→ **Problem**: All lines below are to be transcribed exactly.

→ **Data under study**:

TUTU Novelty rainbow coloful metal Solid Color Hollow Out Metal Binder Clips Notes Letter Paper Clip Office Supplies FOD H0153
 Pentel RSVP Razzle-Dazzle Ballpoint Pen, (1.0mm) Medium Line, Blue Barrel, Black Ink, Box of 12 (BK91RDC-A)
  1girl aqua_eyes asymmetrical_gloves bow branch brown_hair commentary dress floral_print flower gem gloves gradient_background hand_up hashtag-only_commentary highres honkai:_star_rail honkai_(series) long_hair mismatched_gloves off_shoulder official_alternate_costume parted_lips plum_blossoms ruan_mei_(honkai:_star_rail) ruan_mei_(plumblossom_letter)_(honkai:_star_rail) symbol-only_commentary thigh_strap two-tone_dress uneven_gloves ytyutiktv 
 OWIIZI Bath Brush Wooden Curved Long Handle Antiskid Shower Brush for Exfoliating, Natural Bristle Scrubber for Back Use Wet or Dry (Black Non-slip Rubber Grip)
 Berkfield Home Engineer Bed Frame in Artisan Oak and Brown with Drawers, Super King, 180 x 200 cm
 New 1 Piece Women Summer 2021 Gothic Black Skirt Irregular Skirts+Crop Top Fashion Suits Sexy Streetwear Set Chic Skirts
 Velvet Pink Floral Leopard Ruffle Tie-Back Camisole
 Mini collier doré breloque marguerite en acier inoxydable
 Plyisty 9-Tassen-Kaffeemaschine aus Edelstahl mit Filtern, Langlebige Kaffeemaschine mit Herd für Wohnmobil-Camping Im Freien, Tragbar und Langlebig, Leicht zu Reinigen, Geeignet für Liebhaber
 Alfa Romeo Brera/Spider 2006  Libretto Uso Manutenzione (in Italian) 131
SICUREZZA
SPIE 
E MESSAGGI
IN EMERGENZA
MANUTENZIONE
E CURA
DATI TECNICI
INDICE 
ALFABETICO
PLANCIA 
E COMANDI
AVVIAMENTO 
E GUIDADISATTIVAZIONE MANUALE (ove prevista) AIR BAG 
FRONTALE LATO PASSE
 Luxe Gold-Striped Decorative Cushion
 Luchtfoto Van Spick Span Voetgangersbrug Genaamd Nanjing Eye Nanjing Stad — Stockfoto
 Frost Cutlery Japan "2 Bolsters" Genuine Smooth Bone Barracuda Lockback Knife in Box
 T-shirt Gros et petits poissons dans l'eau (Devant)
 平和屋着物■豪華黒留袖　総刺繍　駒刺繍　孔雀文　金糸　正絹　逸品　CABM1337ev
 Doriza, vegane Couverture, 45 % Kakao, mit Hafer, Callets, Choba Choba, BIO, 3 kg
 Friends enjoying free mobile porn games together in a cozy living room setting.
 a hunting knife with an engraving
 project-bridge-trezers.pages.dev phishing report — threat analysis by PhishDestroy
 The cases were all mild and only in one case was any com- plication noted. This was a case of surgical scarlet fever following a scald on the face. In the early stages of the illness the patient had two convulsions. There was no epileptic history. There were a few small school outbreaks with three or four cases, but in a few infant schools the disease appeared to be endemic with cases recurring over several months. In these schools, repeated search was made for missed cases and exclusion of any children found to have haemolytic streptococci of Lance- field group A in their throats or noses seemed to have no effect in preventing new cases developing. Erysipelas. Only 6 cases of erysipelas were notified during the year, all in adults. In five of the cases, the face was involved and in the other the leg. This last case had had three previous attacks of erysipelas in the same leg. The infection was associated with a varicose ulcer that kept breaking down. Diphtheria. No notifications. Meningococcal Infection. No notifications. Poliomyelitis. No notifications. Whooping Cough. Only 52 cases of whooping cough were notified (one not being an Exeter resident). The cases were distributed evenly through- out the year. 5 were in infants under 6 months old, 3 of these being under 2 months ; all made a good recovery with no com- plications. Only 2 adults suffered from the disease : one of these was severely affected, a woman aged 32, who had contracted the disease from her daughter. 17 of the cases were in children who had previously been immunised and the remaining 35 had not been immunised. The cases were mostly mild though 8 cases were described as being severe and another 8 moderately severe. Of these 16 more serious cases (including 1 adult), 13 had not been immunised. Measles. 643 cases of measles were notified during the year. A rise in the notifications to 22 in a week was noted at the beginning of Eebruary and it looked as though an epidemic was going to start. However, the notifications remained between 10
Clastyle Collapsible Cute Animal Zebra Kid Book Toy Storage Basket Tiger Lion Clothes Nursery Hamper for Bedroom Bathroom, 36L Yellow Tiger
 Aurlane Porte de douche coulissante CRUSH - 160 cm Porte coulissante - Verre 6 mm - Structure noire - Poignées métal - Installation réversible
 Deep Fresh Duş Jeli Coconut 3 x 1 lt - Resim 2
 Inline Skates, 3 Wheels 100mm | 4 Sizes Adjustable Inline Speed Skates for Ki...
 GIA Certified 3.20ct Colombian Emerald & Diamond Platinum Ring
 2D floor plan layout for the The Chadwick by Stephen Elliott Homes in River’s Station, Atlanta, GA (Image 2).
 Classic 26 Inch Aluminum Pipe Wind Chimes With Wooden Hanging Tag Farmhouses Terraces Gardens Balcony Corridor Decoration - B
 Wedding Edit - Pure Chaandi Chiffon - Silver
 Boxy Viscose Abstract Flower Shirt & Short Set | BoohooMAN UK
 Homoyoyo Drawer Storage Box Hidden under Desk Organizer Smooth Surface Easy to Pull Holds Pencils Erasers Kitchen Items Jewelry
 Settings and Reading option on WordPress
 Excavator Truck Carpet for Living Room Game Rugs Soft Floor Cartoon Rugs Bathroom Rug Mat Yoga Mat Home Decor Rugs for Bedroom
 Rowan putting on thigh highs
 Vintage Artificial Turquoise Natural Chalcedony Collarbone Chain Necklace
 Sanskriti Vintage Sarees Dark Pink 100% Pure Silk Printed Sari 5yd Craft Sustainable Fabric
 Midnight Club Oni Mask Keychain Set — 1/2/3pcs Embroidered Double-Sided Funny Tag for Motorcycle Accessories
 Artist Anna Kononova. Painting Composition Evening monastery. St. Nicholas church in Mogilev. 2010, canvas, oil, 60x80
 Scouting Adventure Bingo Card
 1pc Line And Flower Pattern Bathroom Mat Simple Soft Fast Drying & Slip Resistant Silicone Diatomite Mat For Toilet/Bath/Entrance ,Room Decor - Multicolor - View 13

→ **Final answer**:
TUTU Novelty rainbow coloful metal Solid Color Hollow Out Metal Binder Clips Notes Letter Paper Clip Office Supplies FOD H0153
 Pentel RSVP Razzle-Dazzle Ballpoint Pen, (1.0mm) Medium Line, Blue Barrel, Black Ink, Box of 12 (BK91RDC-A)
  1girl aqua_eyes asymmetrical_gloves bow branch brown_hair commentary dress floral_print flower gem gloves gradient_background hand_up hashtag-only_commentary highres honkai:_star_rail honkai_(series) long_hair mismatched_gloves off_shoulder official_alternate_costume parted_lips plum_blossoms ruan_mei_(honkai:_star_rail) ruan_mei_(plumblossom_letter)_(honkai:_star_rail) symbol-only_commentary thigh_strap two-tone_dress uneven_gloves ytyutiktv 
 OWIIZI Bath Brush Wooden Curved Long Handle Antiskid Shower Brush for Exfoliating, Natural Bristle Scrubber for Back Use Wet or Dry (Black Non-slip Rubber Grip)
 Berkfield Home Engineer Bed Frame in Artisan Oak and Brown with Drawers, Super King, 180 x 200 cm
 New 1 Piece Women Summer 2021 Gothic Black Skirt Irregular Skirts+Crop Top Fashion Suits Sexy Streetwear Set Chic Skirts
 Velvet Pink Floral Leopard Ruffle Tie-Back Camisole
 Mini collier doré breloque marguerite en acier inoxydable
 Plyisty 9-Tassen-Kaffeemaschine aus Edelstahl mit Filtern, Langlebige Kaffeemaschine mit Herd für Wohnmobil-Camping Im Freien, Tragbar und Langlebig, Leicht zu Reinigen, Geeignet für Liebhaber
 Alfa Romeo Brera/Spider 2006  Libretto Uso Manutenzione (in Italian) 131
SICUREZZA
SPIE 
E MESSAGGI
IN EMERGENZA
MANUTENZIONE
E CURA
DATI TECNICI
INDICE 
ALFABETICO
PLANCIA 
E COMANDI
AVVIAMENTO 
E GUIDADISATTIVAZIONE MANUALE (ove prevista) AIR BAG 
FRONTALE LATO PASSE
 Luxe Gold-Striped Decorative Cushion
 Luchtfoto Van Spick Span Voetgangersbrug Genaamd Nanjing Eye Nanjing Stad — Stockfoto
 Frost Cutlery Japan "2 Bolsters" Genuine Smooth Bone Barracuda Lockback Knife in Box
 T-shirt Gros et petits poissons dans l'eau (Devant)
 平和屋着物■豪華黒留袖　総刺繍　駒刺繍　孔雀文　金糸　正絹　逸品　CABM1337ev
 Doriza, vegane Couverture, 45 % Kakao, mit Hafer, Callets, Choba Choba, BIO, 3 kg
 Friends enjoying free mobile porn games together in a cozy living room setting.
 a hunting knife with an engraving
 project-bridge-trezers.pages.dev phishing report — threat analysis by PhishDestroy
 The cases were all mild and only in one case was any com- plication noted. This was a case of surgical scarlet fever following a scald on the face. In the early stages of the illness the patient had two convulsions. There was no epileptic history. There were a few small school outbreaks with three or four cases, but in a few infant schools the disease appeared to be endemic with cases recurring over several months. In these schools, repeated search was made for missed cases and exclusion of any children found to have haemolytic streptococci of Lance- field group A in their throats or noses seemed to have no effect in preventing new cases developing. Erysipelas. Only 6 cases of erysipelas were notified during the year, all in adults. In five of the cases, the face was involved and in the other the leg. This last case had had three previous attacks of erysipelas in the same leg. The infection was associated with a varicose ulcer that kept breaking down. Diphtheria. No notifications. Meningococcal Infection. No notifications. Poliomyelitis. No notifications. Whooping Cough. Only 52 cases of whooping cough were notified (one not being an Exeter resident). The cases were distributed evenly through- out the year. 5 were in infants under 6 months old, 3 of these being under 2 months ; all made a good recovery with no com- plications. Only 2 adults suffered from the disease : one of these was severely affected, a woman aged 32, who had contracted the disease from her daughter. 17 of the cases were in children who had previously been immunised and the remaining 35 had not been immunised. The cases were mostly mild though 8 cases were described as being severe and another 8 moderately severe. Of these 16 more serious cases (including 1 adult), 13 had not been immunised. Measles. 643 cases of measles were notified during the year. A rise in the notifications to 22 in a week was noted at the beginning of Eebruary and it looked as though an epidemic was going to start. However, the notifications remained between 10
Clastyle Collapsible Cute Animal Zebra Kid Book Toy Storage Basket Tiger Lion Clothes Nursery Hamper for Bedroom Bathroom, 36L Yellow Tiger
 Aurlane Porte de douche coulissante CRUSH - 160 cm Porte coulissante - Verre 6 mm - Structure noire - Poignées métal - Installation réversible
 Deep Fresh Duş Jeli Coconut 3 x 1 lt - Resim 2
 Inline Skates, 3 Wheels 100mm | 4 Sizes Adjustable Inline Speed Skates for Ki...
 GIA Certified 3.20ct Colombian Emerald & Diamond Platinum Ring
 2D floor plan layout for the The Chadwick by Stephen Elliott Homes in River’s Station, Atlanta, GA (Image 2).
 Classic 26 Inch Aluminum Pipe Wind Chimes With Wooden Hanging Tag Farmhouses Terraces Gardens Balcony Corridor Decoration - B
 Wedding Edit - Pure Chaandi Chiffon - Silver
 Boxy Viscose Abstract Flower Shirt & Short Set | BoohooMAN UK
 Homoyoyo Drawer Storage Box Hidden under Desk Organizer Smooth Surface Easy to Pull Holds Pencils Erasers Kitchen Items Jewelry
 Settings and Reading option on WordPress
 Excavator Truck Carpet for Living Room Game Rugs Soft Floor Cartoon Rugs Bathroom Rug Mat Yoga Mat Home Decor Rugs for Bedroom
 Rowan putting on thigh highs
 Vintage Artificial Turquoise Natural Chalcedony Collarbone Chain Necklace
 Sanskriti Vintage Sarees Dark Pink 100% Pure Silk Printed Sari 5yd Craft Sustainable Fabric
 Midnight Club Oni Mask Keychain Set — 1/2/3pcs Embroidered Double-Sided Funny Tag for Motorcycle Accessories
 Artist Anna Kononova. Painting Composition Evening monastery. St. Nicholas church in Mogilev. 2010, canvas, oil, 60x80
 Scouting Adventure Bingo Card
 1pc Line And Flower Pattern Bathroom Mat Simple Soft Fast Drying & Slip Resistant Silicone Diatomite Mat For Toilet/Bath/Entrance ,Room Decor - Multicolor - View 13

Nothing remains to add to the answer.